> [Task description] What lines below contain the string "Volkswagen"? List them all.

> [Supplied material]
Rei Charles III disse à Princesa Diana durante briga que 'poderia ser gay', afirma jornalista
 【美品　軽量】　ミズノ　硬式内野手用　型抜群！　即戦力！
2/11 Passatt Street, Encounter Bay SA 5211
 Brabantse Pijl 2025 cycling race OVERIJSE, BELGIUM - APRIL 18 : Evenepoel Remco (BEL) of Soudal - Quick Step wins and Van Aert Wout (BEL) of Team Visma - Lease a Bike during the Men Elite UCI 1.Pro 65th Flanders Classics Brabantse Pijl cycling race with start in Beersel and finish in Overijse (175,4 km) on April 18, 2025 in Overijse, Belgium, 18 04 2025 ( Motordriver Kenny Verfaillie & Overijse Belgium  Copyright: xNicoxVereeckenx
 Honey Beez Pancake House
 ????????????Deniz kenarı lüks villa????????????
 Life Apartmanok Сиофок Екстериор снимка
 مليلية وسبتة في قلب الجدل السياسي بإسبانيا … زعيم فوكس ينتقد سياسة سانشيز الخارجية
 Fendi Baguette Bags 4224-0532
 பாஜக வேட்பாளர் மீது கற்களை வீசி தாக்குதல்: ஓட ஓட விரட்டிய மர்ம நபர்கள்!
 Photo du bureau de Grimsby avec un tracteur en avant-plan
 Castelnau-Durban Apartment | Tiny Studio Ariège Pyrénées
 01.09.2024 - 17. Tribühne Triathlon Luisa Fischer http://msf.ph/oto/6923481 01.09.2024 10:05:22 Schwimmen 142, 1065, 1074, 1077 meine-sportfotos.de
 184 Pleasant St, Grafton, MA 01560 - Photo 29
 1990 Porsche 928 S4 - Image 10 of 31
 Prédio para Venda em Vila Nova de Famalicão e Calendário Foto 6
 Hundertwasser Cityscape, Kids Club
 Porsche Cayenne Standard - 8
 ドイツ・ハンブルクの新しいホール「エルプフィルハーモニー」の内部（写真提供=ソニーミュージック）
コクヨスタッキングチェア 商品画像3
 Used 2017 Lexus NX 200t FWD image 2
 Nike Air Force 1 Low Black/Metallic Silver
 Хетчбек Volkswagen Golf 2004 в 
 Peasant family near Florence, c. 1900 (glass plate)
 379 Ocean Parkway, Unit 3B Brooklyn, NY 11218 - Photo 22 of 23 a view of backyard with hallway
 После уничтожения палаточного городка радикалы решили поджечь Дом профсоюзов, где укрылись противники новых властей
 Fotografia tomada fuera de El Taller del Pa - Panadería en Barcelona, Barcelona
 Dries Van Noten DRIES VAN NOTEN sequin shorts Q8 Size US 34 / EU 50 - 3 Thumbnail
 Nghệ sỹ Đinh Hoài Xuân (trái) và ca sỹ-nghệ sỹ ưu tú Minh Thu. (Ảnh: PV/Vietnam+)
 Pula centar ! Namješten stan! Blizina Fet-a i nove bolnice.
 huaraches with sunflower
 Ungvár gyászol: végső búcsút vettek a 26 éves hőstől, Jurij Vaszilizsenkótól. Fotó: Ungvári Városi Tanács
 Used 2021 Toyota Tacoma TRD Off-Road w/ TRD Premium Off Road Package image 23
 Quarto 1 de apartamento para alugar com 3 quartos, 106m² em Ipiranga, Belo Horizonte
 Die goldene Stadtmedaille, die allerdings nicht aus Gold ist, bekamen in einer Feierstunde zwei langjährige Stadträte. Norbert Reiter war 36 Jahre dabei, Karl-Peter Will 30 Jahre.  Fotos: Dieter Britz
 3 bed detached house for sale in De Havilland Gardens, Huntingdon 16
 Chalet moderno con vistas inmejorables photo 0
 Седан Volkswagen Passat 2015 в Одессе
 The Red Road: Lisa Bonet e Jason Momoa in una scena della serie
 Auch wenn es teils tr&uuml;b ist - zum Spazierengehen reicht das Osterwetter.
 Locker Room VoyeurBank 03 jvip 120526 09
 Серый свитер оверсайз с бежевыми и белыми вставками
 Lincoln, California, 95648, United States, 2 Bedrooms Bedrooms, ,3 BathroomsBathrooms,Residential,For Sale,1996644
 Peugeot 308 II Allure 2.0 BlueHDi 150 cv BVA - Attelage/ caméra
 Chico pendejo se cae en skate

> [Output]
 Хетчбек Volkswagen Golf 2004 в 
 Седан Volkswagen Passat 2015 в Одессе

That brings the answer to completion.